About this exercise
Write out the records again exactly and exclude the pictures.

The records

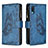 Coque Portefeuille Papillon Livre Cuir Etui Clapet B03F pour Samsung Galaxy M02 Bleu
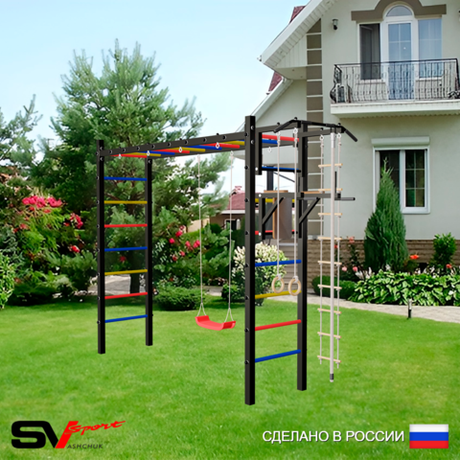 Уличная шведская стенка Sv Sport рукоход У516 (Турник/Брусья/"Лодочка"/Канат/кольца/лестница)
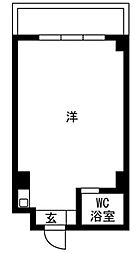 押上パークスクエア 7階ワンルームの間取り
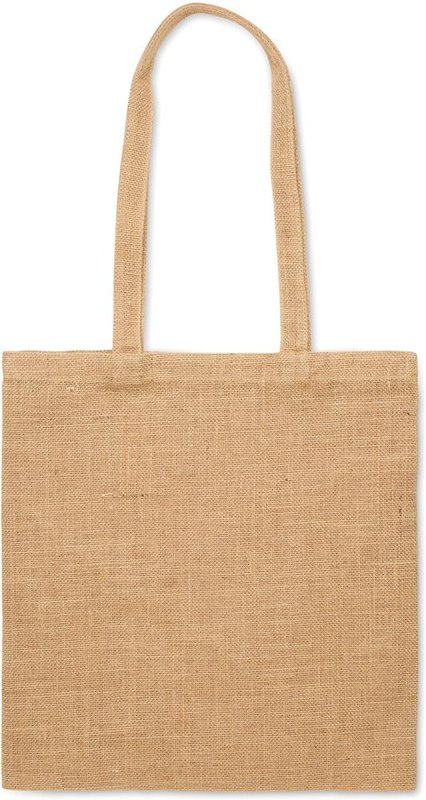 Sac de courses en jute à anses longues: Emplacement du logo – face avant du produit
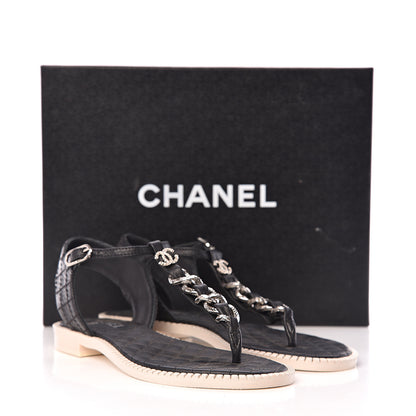 Chanel Souple Calfskin Chain CC Thong Sandals 37 Black White 11 of 11
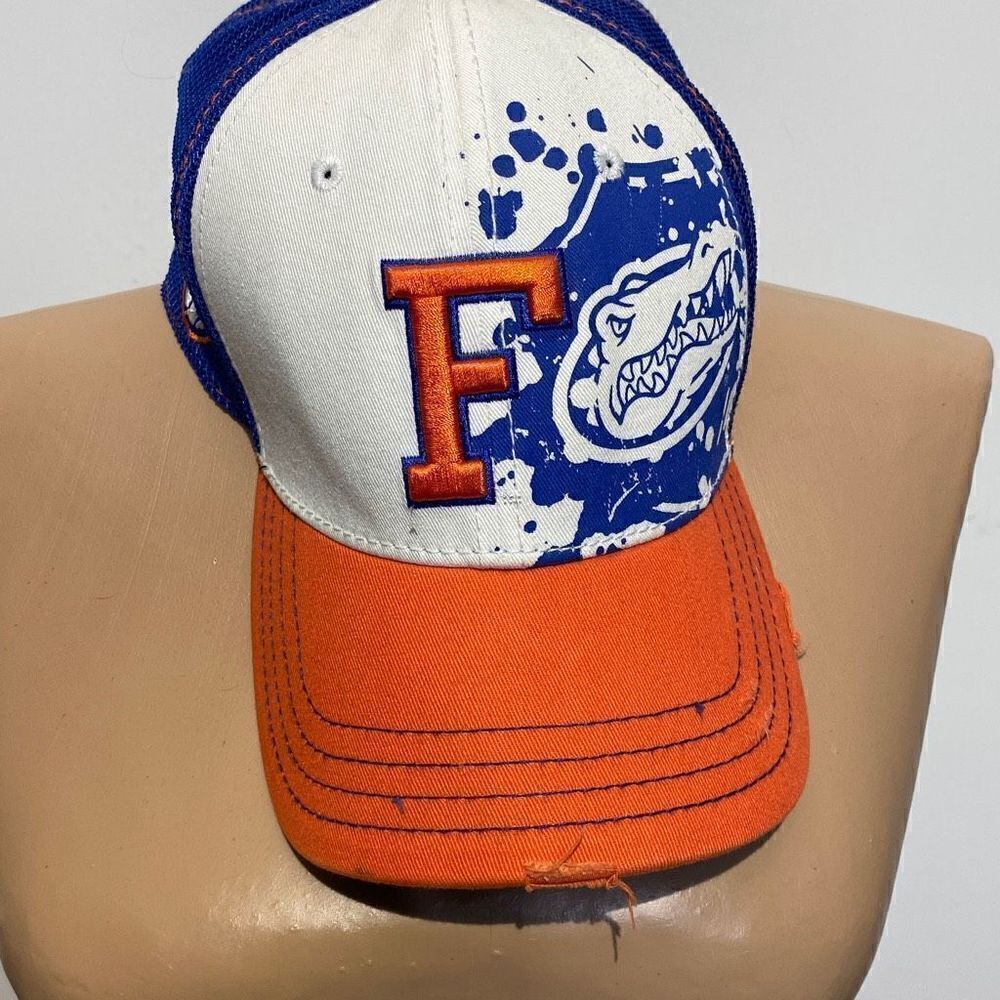 New Era Men's Florida‎ Gator Blue/Orange/White Mesh Trucker Cap Size M-L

Your response
 Coque Portefeuille Papillon Livre Cuir Etui Clapet B03F pour Samsung Galaxy M02 Bleu
 Уличная шведская стенка Sv Sport рукоход У516 (Турник/Брусья/"Лодочка"/Канат/кольца/лестница)
 押上パークスクエア 7階ワンルームの間取り
 Sac de courses en jute à anses longues: Emplacement du logo – face avant du produit
 Chanel Souple Calfskin Chain CC Thong Sandals 37 Black White 11 of 11
 New Era Men's Florida‎ Gator Blue/Orange/White Mesh Trucker Cap Size M-L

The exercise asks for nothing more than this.